She sought to put her best foot forward in her first appearance following her controversial visit to China. In the opening moment of her statement Michelle Bachelet, the UN High Commissioner for Human Rights reflected the positive aspects of her trip:
Let me start by thanking the Government of China for its invitation. For the first time in 17 years, a UN High Commissioner for Human Rights has been able to travel to China and speak directly with the most senior Government officials in the country, and other interlocutors on key human rights issues, in China and globally I appreciate the Government’s efforts in making this visit happen, particularly the arrangements for my virtual meeting with President Xi Jinping.
She has received dramatic criticism from the human rights community. As identified in the NYT, the comments from Sophie Richardson, the China director at Human Rights Watch dismissed the Commissioner’s efforts: “That mandate requires a credible investigation in the face of mountains of evidence of atrocity crimes, not another toothless dialogue.” A second comment by Kenneth Roth, the director of Human Rights Watch underscored the harsh negative view expressed by the human rights community (NYT, June 13, 2022) : “There was no condemnation from Madame Bachelet even remotely commensurate with the severity of the atrocities being committed in Xinjiang, … She gave up her most powerful weapon for a back room dialogue which will be meaningless.”
These conclusions appear jarring for the praised UN High Commissioner for Human Rights and a progressive who was a young activist in Chile held by the secret police following the Pinochet coup, possibly tortured, and ending with her exile from the country though she returned to serve as Minister of Health and then as Defense Minister before being elected President of Chile in 2010 and again in 2014.
And after the High Commissioner announced that she would not put herself forward for a second term, soon after her return from China, there was more than hint in the media that the trip itself was responsible for this decision. However, in talking with Chilean colleagues a number pointed out to me that it was known for several months that she would not stand again. But there is no dismissing the anger, especially in the human rights community and among the Uighur and other ethnic communities at the conduct of her trip, her failure to speak out against the human rights violations, and her perceived cosiness with the Chinese Government.

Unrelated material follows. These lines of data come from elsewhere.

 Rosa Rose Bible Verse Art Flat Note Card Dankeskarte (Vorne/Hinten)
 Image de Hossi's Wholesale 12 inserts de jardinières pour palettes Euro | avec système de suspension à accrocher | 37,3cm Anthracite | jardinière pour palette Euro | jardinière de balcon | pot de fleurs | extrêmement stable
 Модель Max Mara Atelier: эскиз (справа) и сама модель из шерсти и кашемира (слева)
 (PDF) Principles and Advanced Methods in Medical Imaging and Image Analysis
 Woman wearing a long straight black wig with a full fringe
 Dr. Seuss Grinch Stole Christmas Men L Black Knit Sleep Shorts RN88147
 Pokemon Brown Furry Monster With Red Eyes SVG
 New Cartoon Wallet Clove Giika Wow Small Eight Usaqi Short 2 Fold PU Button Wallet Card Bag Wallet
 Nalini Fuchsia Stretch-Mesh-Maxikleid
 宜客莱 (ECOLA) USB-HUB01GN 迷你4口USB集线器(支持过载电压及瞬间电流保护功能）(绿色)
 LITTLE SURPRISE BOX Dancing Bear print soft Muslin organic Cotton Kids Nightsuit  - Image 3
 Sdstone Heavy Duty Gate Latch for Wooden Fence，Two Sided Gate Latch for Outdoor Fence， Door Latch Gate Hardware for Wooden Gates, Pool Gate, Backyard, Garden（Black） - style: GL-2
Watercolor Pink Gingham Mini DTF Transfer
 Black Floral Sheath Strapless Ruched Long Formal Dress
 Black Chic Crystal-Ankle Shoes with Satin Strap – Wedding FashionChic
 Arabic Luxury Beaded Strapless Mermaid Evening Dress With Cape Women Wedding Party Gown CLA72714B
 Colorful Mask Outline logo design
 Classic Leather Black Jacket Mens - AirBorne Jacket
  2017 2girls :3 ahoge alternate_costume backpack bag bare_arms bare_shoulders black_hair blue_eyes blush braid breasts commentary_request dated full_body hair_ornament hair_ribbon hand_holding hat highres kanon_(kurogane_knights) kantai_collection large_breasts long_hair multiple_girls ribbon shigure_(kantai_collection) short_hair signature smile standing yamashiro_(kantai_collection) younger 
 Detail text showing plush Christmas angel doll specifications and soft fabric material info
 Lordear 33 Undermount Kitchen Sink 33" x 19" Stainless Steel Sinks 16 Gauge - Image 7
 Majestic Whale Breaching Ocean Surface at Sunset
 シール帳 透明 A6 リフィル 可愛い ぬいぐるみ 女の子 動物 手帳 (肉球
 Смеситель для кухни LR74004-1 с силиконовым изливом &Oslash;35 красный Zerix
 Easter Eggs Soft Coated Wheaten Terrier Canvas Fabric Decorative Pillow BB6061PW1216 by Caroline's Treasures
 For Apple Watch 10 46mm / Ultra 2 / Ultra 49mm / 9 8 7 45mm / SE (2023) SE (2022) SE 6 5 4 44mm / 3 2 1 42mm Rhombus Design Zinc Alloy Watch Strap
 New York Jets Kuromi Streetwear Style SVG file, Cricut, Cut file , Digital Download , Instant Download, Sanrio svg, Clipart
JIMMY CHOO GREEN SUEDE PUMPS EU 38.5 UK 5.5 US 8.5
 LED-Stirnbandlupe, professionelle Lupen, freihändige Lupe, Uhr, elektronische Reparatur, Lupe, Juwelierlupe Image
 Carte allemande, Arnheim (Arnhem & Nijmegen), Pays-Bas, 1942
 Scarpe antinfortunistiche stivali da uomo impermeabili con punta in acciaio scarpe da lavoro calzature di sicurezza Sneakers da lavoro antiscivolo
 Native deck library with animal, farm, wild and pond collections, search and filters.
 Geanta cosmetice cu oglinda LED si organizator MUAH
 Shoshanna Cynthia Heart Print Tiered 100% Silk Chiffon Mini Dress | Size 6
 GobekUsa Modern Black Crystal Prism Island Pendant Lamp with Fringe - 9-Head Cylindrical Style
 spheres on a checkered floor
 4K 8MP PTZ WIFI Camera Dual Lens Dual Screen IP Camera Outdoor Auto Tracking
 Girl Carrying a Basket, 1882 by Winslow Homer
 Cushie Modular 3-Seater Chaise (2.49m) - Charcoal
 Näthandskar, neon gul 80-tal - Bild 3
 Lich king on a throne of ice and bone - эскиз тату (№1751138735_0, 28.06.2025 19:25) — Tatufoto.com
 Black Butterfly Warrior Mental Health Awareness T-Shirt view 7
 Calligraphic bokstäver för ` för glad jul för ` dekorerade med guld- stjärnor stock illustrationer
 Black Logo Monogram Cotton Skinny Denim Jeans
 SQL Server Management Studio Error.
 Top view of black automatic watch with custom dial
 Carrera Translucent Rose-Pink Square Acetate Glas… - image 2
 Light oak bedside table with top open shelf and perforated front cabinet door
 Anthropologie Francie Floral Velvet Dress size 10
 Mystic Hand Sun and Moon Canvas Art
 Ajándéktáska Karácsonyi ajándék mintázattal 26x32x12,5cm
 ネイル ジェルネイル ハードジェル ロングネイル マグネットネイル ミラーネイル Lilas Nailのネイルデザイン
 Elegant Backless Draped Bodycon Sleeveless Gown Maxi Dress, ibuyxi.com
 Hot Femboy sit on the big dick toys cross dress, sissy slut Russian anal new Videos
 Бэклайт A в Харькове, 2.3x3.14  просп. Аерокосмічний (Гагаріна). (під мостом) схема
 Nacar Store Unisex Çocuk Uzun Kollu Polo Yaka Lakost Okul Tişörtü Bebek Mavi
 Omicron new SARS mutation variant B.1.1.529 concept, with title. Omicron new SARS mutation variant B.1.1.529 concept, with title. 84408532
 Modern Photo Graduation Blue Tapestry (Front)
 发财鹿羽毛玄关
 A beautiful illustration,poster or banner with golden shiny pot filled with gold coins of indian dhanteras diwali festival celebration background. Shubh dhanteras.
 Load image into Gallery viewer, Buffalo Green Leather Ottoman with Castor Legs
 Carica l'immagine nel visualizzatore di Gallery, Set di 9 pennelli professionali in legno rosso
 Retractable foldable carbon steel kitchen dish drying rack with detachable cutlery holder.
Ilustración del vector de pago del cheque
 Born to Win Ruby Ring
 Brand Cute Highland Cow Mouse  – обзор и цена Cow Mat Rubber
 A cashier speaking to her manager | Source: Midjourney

As Richard Gowan the UN director at the International Crisis Group said: “China had made the trip a “public relations mess for the UN” … But Gowan then added these views of Bachelet’s trip in the FT:
… the envoy’s trip should be seen in the same light as UN secretary-general António Guterres’s meeting with Russian leader Vladimir Putin last month. “If the UN was not seen to go, that is even more damaging for the residual hope that UN can do some work of value,” he said. “In a sense, she is sacrificing herself because we’ve known from the get-go that there wouldn’t be real Chinese transparency. It’s a trap. But it’s a trap that Bachelet had to walk into. ”
So, the question arises: who is right? Was her trip a disaster because she failed to publicly take the Chinese Government to task for the many alleged human rights violations, and violations of international human rights law that these groups insisted needed to made public by her. Or, can one conclude that she has initiated a ‘long game’ with the Government of China that may hold out the possibility for improvements in the future of Chinese Government behavior. Certainly, Commissioner Bachelet believes that continued engagement is the way forward. This way, it seems, will bear human rights improvement if not now then in the future. As she identified in her statement:
We agreed to establish regular engagement between the UN Human Rights Office and the Government of China, including through an annual senior strategic meeting for discussion of issues of respective interest at national, regional, or global levels.
We also agreed to establish a working group to facilitate substantive exchanges and cooperation between my Office and the Government through meetings in Beijing and in Geneva, as well as virtual meetings. This working group will organize a series of follow-up discussions about specific thematic areas, including but not limited to development, poverty alleviation and human rights, rights of minorities, business and human rights, counter-terrorism and human rights, digital space and human rights, judicial and legal protection and human rights, as well as other issues raised by either side. …
This will allow for structured engagement of my Office with China on a number of human rights issues. This is especially important as my Office does not have a country presence. The working group will also provide a space for us to bring to attention of the Government a number of specific matters of concern.
The Government has also stated that it will invite senior officials from the Office to visit China in the future.
There is a continuing conundrum in human rights law. Do revelations of wrong doing and the harsh condemnations of the violations of human rights trump actions, or is continuing engagement even if organizational and bureaucratic more likely to advance human rights improvements. Calling out the violations and breaches are at the heart of the human rights groups. But there remains the nagging concern that such efforts fail to achieve the most vital result – an improvement in human rights behavior of states and groups alike.
Recently a number of thought leaders from the CWD process have sought to grapple with a discourse on human rights that did not simply further divide and polarize US-China and the wider global order relations among democratic and authoritarian regimes. The rhetoric is powerful but ultimately improvement lies elsewhere. It may well be that that was what Michelle Bachelet concluded.